§ **What is being asked**:
The response should be the data again, identical in every line.

§ **Data for this exercise**:
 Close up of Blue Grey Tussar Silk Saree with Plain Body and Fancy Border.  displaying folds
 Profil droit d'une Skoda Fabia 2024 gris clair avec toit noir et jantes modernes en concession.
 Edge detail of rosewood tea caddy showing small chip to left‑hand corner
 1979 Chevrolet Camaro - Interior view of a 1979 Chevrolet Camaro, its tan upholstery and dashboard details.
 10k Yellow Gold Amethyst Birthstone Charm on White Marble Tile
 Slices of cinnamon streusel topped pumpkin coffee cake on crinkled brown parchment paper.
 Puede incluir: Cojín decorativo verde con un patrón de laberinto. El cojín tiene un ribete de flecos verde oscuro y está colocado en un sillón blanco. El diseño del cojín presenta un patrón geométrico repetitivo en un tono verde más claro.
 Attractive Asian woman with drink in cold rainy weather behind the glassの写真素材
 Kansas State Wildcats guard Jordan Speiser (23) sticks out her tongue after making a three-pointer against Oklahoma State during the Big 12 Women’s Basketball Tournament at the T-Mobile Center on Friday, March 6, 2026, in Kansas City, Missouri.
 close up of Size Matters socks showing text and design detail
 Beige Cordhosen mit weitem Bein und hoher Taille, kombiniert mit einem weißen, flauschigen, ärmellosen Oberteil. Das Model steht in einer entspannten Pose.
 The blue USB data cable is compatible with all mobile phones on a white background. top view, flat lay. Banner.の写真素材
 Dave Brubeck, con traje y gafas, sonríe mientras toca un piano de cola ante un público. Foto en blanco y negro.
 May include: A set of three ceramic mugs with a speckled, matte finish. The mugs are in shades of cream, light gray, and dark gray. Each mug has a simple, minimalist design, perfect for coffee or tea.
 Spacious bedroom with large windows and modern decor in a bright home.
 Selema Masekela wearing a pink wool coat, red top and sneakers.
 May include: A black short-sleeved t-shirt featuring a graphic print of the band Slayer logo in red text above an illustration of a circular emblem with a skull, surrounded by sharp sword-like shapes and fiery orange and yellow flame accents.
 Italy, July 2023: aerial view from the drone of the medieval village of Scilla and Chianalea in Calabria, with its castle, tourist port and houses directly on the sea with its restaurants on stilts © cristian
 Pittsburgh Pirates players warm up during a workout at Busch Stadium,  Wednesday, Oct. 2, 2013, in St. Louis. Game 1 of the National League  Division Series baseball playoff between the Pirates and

§ **Reply to the task**:
 Close up of Blue Grey Tussar Silk Saree with Plain Body and Fancy Border.  displaying folds
 Profil droit d'une Skoda Fabia 2024 gris clair avec toit noir et jantes modernes en concession.
 Edge detail of rosewood tea caddy showing small chip to left‑hand corner
 1979 Chevrolet Camaro - Interior view of a 1979 Chevrolet Camaro, its tan upholstery and dashboard details.
 10k Yellow Gold Amethyst Birthstone Charm on White Marble Tile
 Slices of cinnamon streusel topped pumpkin coffee cake on crinkled brown parchment paper.
 Puede incluir: Cojín decorativo verde con un patrón de laberinto. El cojín tiene un ribete de flecos verde oscuro y está colocado en un sillón blanco. El diseño del cojín presenta un patrón geométrico repetitivo en un tono verde más claro.
 Attractive Asian woman with drink in cold rainy weather behind the glassの写真素材
 Kansas State Wildcats guard Jordan Speiser (23) sticks out her tongue after making a three-pointer against Oklahoma State during the Big 12 Women’s Basketball Tournament at the T-Mobile Center on Friday, March 6, 2026, in Kansas City, Missouri.
 close up of Size Matters socks showing text and design detail
 Beige Cordhosen mit weitem Bein und hoher Taille, kombiniert mit einem weißen, flauschigen, ärmellosen Oberteil. Das Model steht in einer entspannten Pose.
 The blue USB data cable is compatible with all mobile phones on a white background. top view, flat lay. Banner.の写真素材
 Dave Brubeck, con traje y gafas, sonríe mientras toca un piano de cola ante un público. Foto en blanco y negro.
 May include: A set of three ceramic mugs with a speckled, matte finish. The mugs are in shades of cream, light gray, and dark gray. Each mug has a simple, minimalist design, perfect for coffee or tea.
 Spacious bedroom with large windows and modern decor in a bright home.
 Selema Masekela wearing a pink wool coat, red top and sneakers.
 May include: A black short-sleeved t-shirt featuring a graphic print of the band Slayer logo in red text above an illustration of a circular emblem with a skull, surrounded by sharp sword-like shapes and fiery orange and yellow flame accents.
 Italy, July 2023: aerial view from the drone of the medieval village of Scilla and Chianalea in Calabria, with its castle, tourist port and houses directly on the sea with its restaurants on stilts © cristian
 Pittsburgh Pirates players warm up during a workout at Busch Stadium,  Wednesday, Oct. 2, 2013, in St. Louis. Game 1 of the National League  Division Series baseball playoff between the Pirates and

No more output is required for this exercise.